INFORMATION SHOWN —
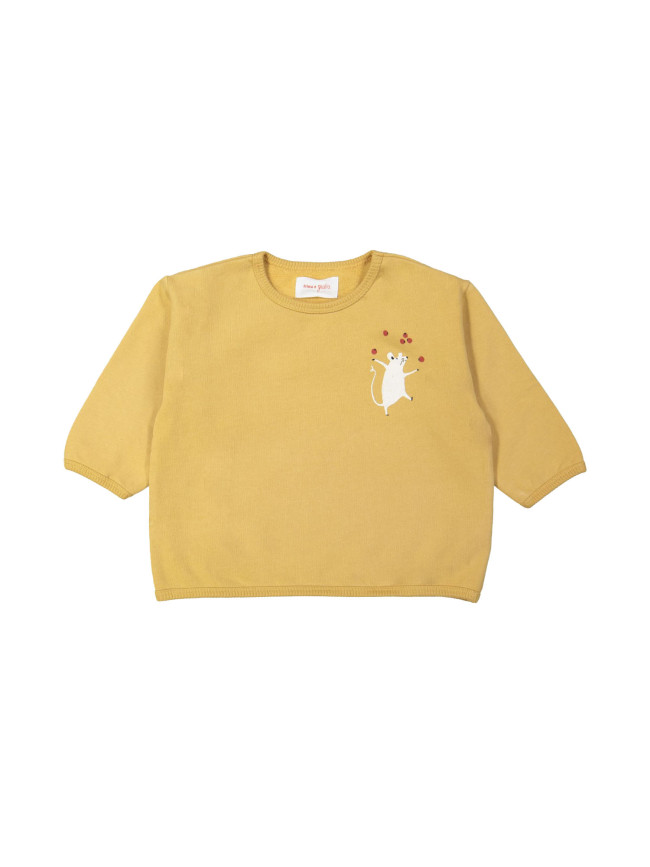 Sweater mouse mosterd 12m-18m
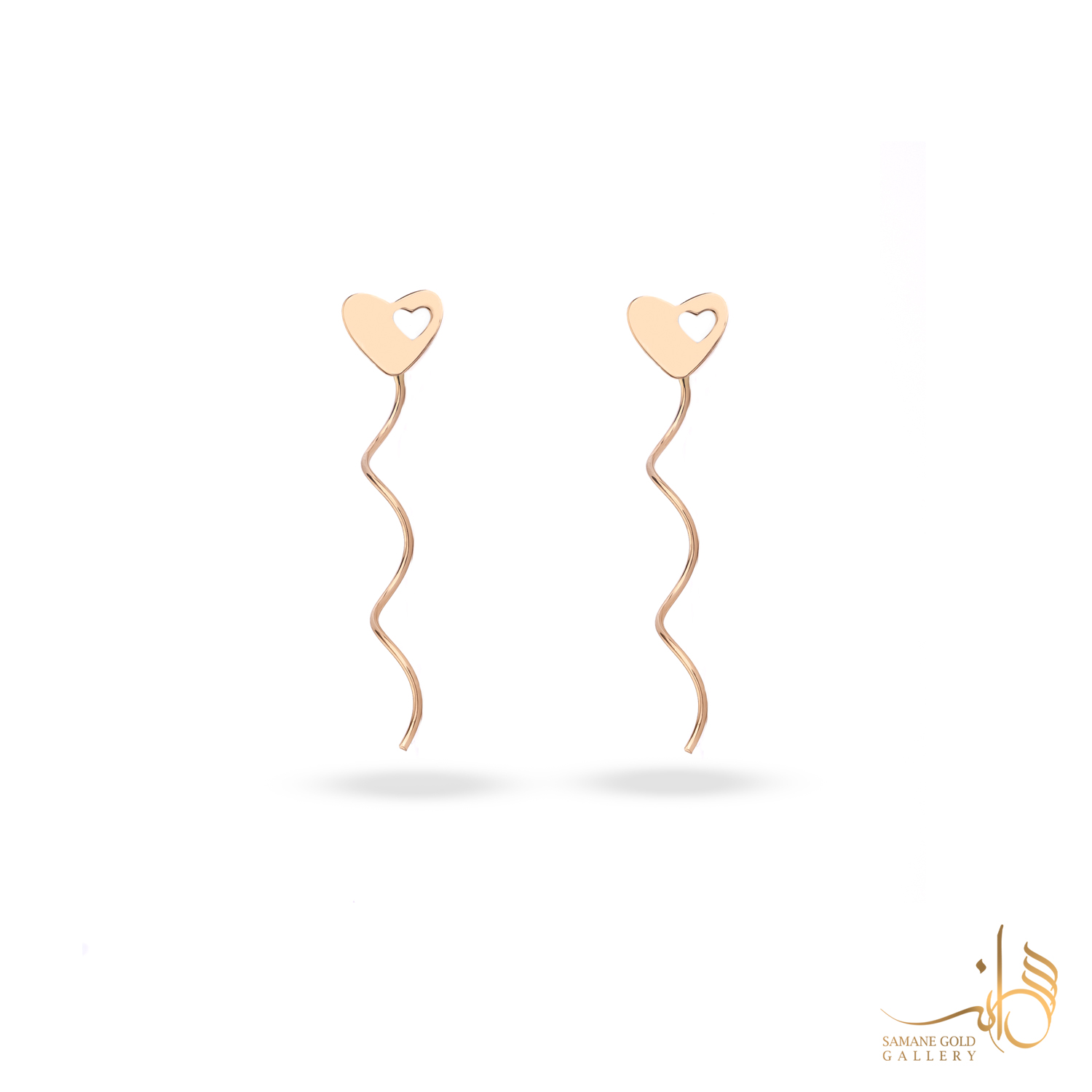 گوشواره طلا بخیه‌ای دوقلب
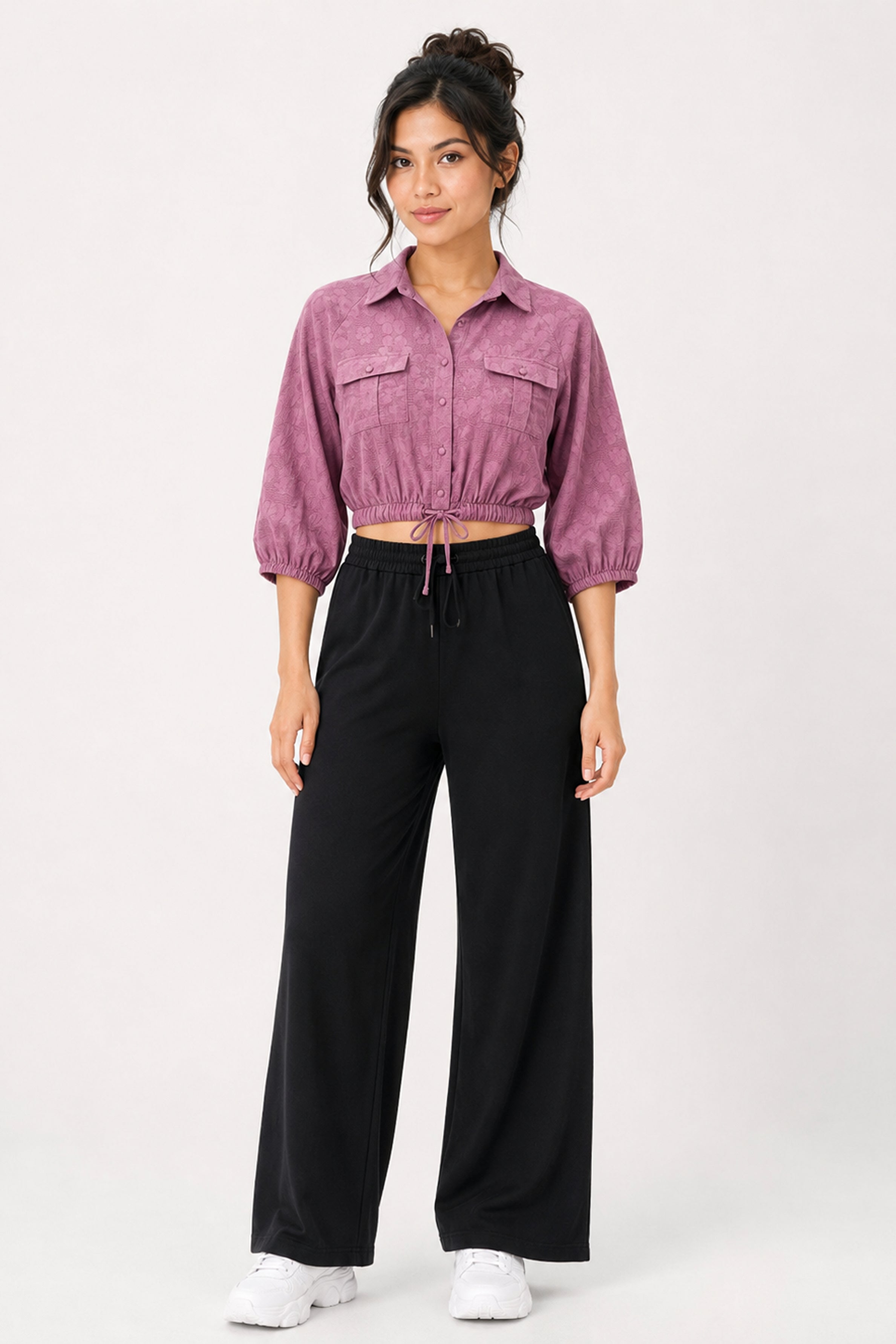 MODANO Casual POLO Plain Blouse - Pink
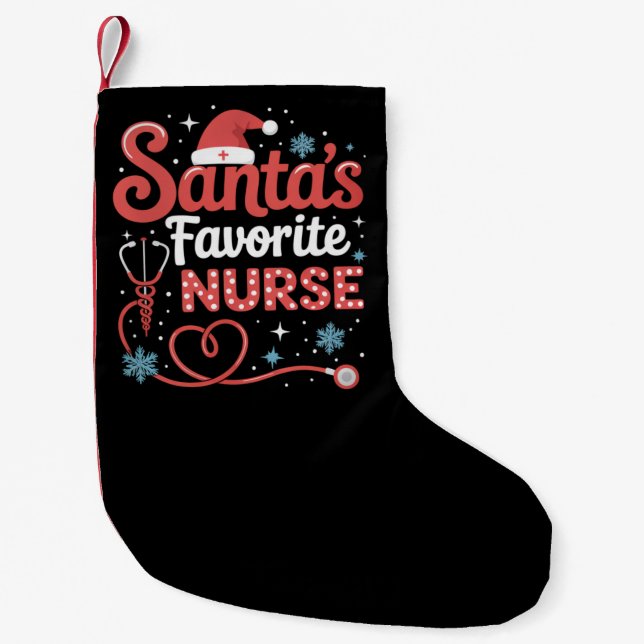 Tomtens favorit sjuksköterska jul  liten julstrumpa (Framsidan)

WHAT THE EXERCISE ASKS — The material above is to be output exactly, with each picture left out.

YOUR SOLUTION —
 Sweater mouse mosterd 12m-18m
 گوشواره طلا بخیه‌ای دوقلب
 MODANO Casual POLO Plain Blouse - Pink
 Tomtens favorit sjuksköterska jul  liten julstrumpa (Framsidan)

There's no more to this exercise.